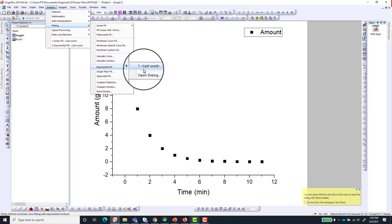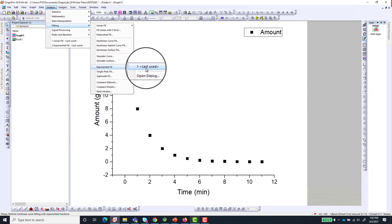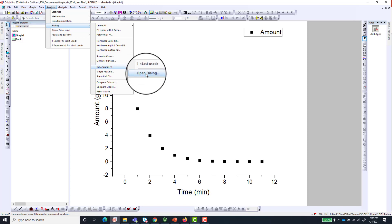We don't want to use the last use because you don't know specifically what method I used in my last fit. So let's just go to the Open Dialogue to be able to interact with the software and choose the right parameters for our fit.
--
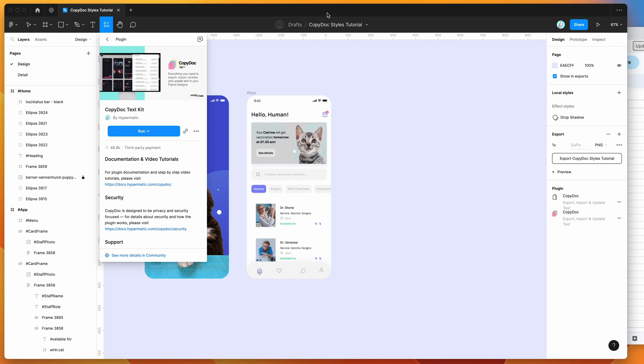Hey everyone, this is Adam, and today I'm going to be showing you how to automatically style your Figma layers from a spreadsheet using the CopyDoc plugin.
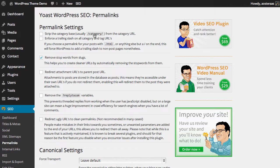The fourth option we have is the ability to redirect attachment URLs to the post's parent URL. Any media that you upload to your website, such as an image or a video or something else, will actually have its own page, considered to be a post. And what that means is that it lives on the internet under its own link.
* * *
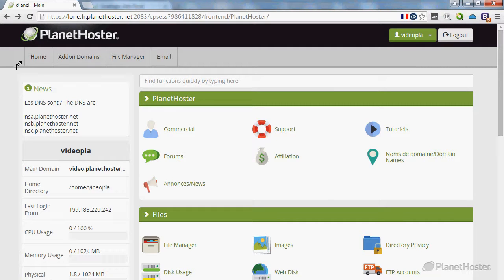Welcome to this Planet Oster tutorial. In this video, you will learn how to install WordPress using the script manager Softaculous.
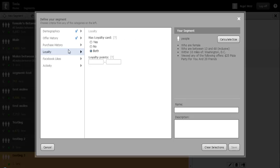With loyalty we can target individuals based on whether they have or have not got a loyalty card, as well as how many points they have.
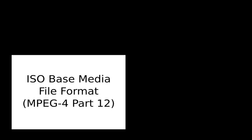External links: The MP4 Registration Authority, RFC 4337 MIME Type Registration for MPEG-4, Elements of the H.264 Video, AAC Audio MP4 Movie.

- **Action item**
Nothing but the lines above, starting at the line that contains "Welcome to this" and ending at the line that contains "External links: The", should be given again, exactly and without the pictures.

- **Reply**
Welcome to this Planet Oster tutorial. In this video, you will learn how to install WordPress using the script manager Softaculous.
With loyalty we can target individuals based on whether they have or have not got a loyalty card, as well as how many points they have.
External links: The MP4 Registration Authority, RFC 4337 MIME Type Registration for MPEG-4, Elements of the H.264 Video, AAC Audio MP4 Movie.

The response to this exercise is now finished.